ASSIGNMENT:
Copy each line below that contains "Picture".

● ● ● ● ● ● ●

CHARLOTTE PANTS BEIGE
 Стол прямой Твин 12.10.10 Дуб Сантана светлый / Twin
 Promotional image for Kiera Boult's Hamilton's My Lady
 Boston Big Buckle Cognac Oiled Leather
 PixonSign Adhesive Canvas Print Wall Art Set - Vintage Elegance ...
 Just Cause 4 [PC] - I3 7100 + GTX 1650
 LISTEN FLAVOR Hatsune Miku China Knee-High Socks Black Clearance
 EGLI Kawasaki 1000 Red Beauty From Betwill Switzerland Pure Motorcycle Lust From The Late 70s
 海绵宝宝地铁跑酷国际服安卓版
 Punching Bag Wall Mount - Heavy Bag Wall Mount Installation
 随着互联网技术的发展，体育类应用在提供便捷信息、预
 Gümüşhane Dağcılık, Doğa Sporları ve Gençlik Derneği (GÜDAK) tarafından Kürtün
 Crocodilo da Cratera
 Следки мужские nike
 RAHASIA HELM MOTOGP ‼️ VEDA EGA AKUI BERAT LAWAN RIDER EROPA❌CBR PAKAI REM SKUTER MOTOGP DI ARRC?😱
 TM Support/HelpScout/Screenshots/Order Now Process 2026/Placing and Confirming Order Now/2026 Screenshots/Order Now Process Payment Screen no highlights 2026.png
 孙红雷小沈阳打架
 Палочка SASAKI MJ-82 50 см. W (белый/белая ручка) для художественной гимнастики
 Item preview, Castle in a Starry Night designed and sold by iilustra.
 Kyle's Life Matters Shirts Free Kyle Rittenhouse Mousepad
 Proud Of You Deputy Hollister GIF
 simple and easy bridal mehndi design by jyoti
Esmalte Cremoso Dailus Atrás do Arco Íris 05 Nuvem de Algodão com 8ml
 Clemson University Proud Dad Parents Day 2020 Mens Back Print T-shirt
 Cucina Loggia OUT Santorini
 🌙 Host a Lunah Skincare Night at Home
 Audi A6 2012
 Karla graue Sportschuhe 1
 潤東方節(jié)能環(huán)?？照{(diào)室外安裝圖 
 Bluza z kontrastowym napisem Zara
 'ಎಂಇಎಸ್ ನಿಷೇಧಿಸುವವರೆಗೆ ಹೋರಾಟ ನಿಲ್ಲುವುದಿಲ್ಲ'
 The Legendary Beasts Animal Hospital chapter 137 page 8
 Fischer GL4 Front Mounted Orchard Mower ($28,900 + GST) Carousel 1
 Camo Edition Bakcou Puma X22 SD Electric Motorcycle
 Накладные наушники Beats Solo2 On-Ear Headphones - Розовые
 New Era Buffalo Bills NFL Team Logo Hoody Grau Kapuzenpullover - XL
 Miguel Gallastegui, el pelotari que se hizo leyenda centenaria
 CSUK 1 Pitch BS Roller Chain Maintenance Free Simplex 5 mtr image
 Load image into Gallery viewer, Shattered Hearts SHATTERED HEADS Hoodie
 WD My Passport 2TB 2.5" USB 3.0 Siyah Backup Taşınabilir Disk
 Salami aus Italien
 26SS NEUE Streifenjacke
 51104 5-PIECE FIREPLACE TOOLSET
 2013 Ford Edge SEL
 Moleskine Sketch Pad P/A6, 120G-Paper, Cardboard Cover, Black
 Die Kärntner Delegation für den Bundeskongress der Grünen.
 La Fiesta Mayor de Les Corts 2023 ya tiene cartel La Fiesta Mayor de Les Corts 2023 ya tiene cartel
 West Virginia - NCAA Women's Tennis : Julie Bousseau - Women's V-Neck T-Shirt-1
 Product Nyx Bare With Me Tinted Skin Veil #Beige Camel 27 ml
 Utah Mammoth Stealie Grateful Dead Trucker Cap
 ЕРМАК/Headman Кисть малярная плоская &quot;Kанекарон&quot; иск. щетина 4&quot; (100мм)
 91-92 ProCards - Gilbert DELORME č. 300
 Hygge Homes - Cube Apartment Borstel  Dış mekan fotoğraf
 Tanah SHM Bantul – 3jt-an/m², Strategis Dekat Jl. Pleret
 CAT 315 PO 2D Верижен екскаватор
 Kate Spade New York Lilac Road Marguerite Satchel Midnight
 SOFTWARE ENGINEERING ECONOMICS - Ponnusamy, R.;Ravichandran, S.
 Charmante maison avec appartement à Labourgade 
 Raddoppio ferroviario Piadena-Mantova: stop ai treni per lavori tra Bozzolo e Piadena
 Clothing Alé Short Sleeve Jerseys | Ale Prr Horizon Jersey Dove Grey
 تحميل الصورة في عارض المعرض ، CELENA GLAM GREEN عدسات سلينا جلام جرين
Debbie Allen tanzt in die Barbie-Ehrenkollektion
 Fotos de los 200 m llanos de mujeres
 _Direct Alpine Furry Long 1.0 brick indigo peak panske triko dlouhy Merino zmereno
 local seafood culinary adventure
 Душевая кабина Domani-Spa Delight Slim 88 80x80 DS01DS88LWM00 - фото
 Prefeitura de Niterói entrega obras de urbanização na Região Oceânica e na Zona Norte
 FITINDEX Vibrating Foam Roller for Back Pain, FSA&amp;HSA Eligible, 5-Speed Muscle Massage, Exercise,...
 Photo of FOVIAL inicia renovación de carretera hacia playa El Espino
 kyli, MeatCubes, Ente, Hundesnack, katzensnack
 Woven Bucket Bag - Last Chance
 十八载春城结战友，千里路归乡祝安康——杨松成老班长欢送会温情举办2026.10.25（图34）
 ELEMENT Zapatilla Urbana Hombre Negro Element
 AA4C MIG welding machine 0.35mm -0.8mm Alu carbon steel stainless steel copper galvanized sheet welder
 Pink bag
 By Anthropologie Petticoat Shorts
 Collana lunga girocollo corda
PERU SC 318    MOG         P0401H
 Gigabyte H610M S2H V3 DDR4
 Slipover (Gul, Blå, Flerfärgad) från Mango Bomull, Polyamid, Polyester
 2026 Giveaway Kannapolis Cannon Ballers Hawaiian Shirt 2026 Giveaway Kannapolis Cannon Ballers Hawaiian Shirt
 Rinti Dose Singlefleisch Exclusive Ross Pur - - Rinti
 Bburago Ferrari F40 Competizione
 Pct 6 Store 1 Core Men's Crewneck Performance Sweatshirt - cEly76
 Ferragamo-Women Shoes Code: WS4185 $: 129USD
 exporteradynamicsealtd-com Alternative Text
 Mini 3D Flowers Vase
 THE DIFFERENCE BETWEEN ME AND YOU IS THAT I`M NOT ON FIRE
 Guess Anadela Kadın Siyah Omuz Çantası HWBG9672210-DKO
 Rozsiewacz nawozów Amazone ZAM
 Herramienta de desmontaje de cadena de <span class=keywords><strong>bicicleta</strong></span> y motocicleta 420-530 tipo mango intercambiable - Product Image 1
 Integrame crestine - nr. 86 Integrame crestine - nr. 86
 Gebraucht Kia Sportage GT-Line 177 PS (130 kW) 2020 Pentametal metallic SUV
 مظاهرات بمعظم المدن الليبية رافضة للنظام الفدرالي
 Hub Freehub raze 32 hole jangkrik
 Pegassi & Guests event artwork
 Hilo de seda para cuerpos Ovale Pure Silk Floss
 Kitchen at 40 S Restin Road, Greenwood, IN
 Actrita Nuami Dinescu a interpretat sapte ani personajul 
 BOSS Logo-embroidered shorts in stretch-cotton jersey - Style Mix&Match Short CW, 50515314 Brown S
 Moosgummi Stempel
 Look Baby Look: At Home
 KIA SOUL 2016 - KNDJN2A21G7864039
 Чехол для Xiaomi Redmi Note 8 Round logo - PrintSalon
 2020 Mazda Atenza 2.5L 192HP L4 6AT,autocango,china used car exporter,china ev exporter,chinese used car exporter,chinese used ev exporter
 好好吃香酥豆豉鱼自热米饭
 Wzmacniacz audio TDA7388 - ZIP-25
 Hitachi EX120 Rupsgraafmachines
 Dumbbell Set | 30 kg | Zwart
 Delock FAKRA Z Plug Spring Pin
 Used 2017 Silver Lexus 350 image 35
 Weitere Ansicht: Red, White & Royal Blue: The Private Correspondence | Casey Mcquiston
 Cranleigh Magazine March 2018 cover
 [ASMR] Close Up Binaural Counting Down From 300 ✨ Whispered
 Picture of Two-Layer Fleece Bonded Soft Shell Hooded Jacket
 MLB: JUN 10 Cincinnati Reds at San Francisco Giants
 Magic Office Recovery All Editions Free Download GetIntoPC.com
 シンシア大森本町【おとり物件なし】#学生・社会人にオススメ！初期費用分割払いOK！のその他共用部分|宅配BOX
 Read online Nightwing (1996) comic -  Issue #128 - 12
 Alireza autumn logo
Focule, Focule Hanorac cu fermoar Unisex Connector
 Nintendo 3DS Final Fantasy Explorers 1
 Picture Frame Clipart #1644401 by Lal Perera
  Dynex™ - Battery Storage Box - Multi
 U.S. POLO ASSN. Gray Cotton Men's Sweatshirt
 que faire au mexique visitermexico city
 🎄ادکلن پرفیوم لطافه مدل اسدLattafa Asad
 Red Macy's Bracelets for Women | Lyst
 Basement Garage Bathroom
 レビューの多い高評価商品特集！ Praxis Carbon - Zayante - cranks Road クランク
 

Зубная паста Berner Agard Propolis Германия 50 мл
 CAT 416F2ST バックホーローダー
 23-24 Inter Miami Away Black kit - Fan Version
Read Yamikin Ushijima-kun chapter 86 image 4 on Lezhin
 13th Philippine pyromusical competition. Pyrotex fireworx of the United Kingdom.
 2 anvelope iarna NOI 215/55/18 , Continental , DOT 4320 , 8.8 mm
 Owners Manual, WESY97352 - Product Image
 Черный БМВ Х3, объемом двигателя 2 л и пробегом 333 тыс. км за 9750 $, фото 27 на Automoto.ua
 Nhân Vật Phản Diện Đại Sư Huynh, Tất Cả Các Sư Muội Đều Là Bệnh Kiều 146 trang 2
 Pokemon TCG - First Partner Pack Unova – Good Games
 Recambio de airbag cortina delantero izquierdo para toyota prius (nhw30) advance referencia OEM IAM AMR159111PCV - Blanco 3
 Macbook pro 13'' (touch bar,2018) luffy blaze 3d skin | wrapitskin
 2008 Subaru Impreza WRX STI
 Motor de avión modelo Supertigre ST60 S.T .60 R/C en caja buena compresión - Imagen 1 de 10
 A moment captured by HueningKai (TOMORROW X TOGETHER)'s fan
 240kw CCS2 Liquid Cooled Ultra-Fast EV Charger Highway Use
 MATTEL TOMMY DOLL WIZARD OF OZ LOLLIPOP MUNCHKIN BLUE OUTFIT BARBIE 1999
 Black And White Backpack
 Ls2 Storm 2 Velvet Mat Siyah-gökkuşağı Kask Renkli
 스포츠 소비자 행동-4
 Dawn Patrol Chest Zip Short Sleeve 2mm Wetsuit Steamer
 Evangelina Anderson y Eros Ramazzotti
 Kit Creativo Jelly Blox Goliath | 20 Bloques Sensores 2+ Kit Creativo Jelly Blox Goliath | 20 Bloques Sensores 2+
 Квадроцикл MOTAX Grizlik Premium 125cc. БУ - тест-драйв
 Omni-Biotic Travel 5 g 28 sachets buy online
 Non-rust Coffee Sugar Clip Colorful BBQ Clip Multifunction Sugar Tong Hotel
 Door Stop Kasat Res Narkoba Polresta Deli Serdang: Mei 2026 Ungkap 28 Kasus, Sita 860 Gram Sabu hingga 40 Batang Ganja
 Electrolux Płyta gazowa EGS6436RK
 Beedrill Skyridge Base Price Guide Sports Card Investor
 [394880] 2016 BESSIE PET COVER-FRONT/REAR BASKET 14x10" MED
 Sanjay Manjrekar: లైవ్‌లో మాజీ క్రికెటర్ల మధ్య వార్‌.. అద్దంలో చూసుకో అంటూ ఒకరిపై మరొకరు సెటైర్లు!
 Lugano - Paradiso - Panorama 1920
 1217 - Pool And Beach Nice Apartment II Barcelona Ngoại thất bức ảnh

● ● ● ● ● ● ●

RESPONSE TO THIS TASK:
 Picture of Two-Layer Fleece Bonded Soft Shell Hooded Jacket
 Picture Frame Clipart #1644401 by Lal Perera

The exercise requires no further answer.